Regarding the mother of the twelfth Imam, it is well known that the eleventh Imam never had a wife in his Nikah. Therefore, those Shi’a who argue that the fictional Muhammad was the twelfth Imam claim that his mother was a concubine of the eleventh Imam. But they differ as to the identity of that concubine, some claiming she was Rayhana, or Sawsan, or Narjis. Supposedly latter was a Roman slave-girl. A large group of Shi’a, however, believed that the twelfth Imam’s mother was a slave-girl named Saqil. Saqil was imprisoned by the Abbasid ruler al-Mu’tadid because of the wild rumors that she was pregnant with the twelfth Imam, or that she had given birth to him. However, the Ithna Ashariya sect of today insist that the real mother of the twelfth Imam was Narjis. But the Ithna Asharis themselves admit that there was no sign of pregnancy in the supposed twelfth Imam’s mother after his supposed conception!

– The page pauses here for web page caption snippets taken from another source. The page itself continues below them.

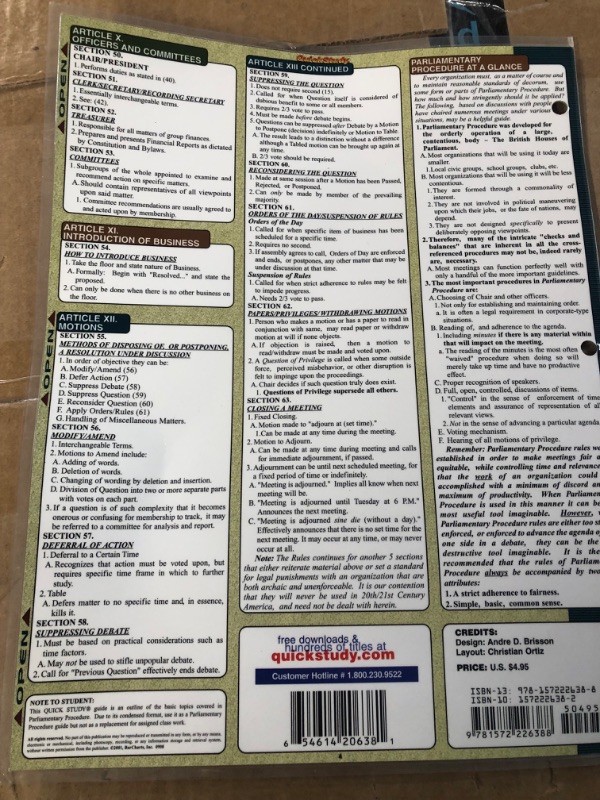 Photo 3 of BarCharts- Inc. Parliamentary Procedure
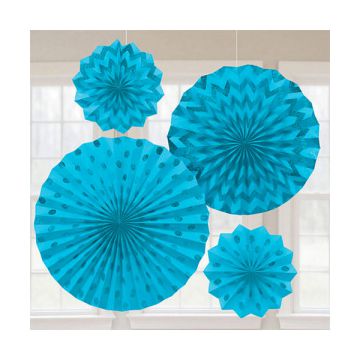 DECORAZIONE ROSONE AZZURRO PZ.4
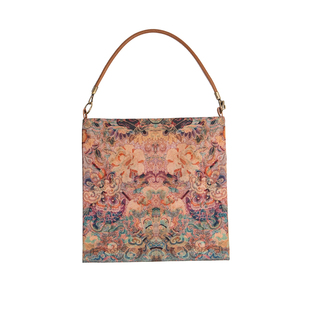 爱奇葩 原创香云纱宋锦单肩包设计师款国风百搭中式手提单肩包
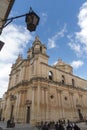 Exterior of St Paul`s Cathedral Mdina Malta Royalty Free Stock Photo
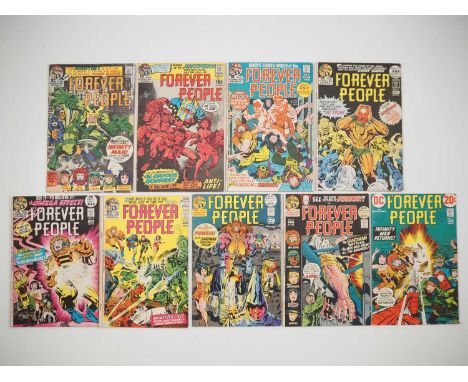FOREVER PEOPLE 2, 3, 4, 5, 6, 7, 8, 9, 11 (9 in Lot) - (1971/1972 - DC) - Includes the first appearances of Desaad, Mantis, G
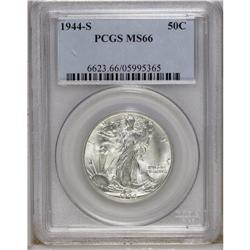 1944-S 50C MS66 PCGS. Essentially untoned and typicall 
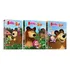 Dvds Masha E O Urso - Volumes 4,5 & 6 - 3 Dvds Caixa Box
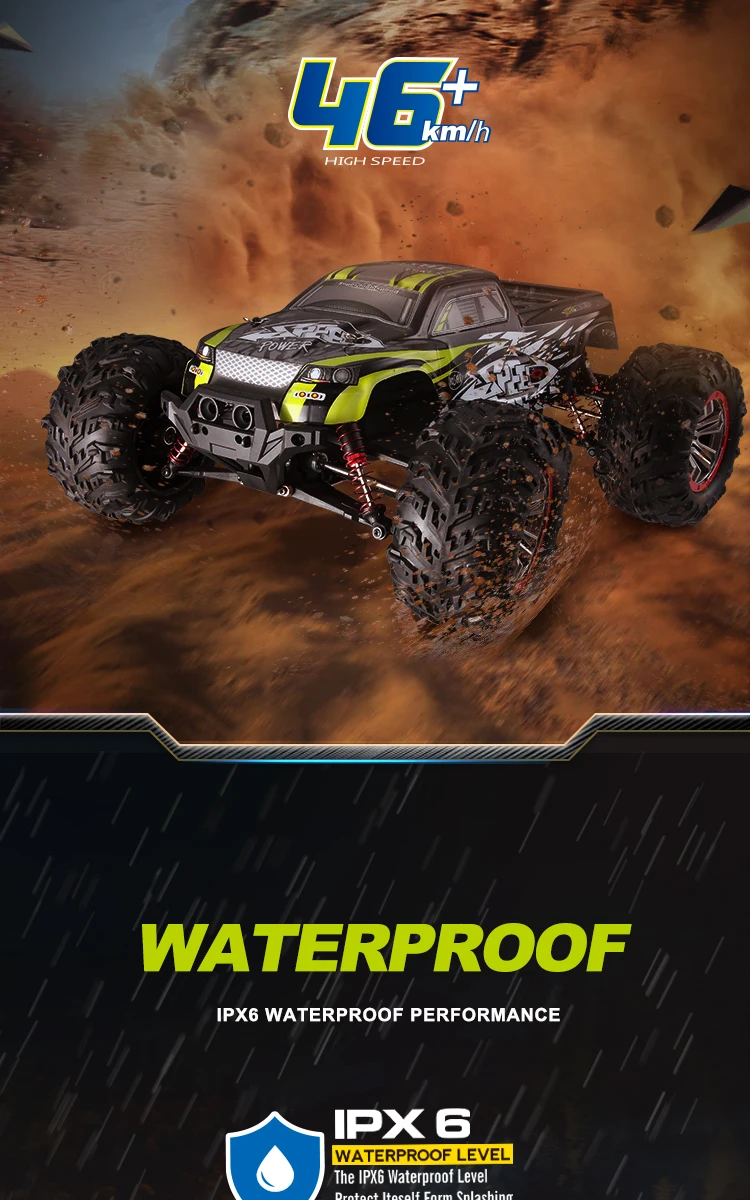 HOSHI N516 RC Truck 1/10 rc car 4WD Remote Control Toys with Lights Off-Road Hobby monster truck fast Crawler Electric Vehicle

In conclusion, there is simply no evidence to establish the birth of a son to the eleventh Imam. It is well-known that he neither had a wife nor any offspring. This is why the Shi’a differed into numerous factions after his death. It is very likely that the deputies of the eleventh Imam, in order to continue to tradition of collecting Zakat, Khums, and other religious taxes from the Shi’a community, invented the figure of the twelfth Imam, so they could collect that money on his behalf.